Records from a collection:
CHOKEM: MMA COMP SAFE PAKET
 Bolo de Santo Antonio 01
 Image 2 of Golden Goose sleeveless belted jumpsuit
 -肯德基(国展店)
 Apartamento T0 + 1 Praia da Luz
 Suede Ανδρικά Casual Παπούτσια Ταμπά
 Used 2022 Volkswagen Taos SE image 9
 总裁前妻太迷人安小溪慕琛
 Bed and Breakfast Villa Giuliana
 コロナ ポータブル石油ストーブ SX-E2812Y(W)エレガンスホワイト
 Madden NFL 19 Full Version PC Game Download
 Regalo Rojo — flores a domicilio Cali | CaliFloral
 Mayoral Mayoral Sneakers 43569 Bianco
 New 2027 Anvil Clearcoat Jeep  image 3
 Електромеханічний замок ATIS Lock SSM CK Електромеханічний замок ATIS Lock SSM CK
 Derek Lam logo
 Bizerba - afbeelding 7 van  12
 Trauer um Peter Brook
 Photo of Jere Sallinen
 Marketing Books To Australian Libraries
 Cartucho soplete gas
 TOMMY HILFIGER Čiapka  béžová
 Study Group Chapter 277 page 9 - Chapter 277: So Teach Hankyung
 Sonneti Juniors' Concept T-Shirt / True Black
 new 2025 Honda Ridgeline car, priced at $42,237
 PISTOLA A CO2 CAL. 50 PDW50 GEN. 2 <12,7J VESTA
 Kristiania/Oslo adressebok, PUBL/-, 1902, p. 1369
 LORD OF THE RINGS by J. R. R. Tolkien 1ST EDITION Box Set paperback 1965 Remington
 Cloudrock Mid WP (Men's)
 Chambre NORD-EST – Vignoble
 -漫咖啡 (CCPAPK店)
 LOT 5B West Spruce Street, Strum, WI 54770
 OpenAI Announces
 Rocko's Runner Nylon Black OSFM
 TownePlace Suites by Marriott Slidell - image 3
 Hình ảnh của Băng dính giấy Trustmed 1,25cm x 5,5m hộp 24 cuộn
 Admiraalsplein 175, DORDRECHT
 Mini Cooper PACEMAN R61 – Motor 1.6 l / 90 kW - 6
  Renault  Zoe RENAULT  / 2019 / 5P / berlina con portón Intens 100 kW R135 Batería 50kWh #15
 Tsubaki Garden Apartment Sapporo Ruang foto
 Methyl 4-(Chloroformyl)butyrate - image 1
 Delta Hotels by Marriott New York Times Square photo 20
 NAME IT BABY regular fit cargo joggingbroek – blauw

**Task directions**: Which lines above contain "Black"? Show each of them.

**Response to this exercise**:
 Sonneti Juniors' Concept T-Shirt / True Black
 Rocko's Runner Nylon Black OSFM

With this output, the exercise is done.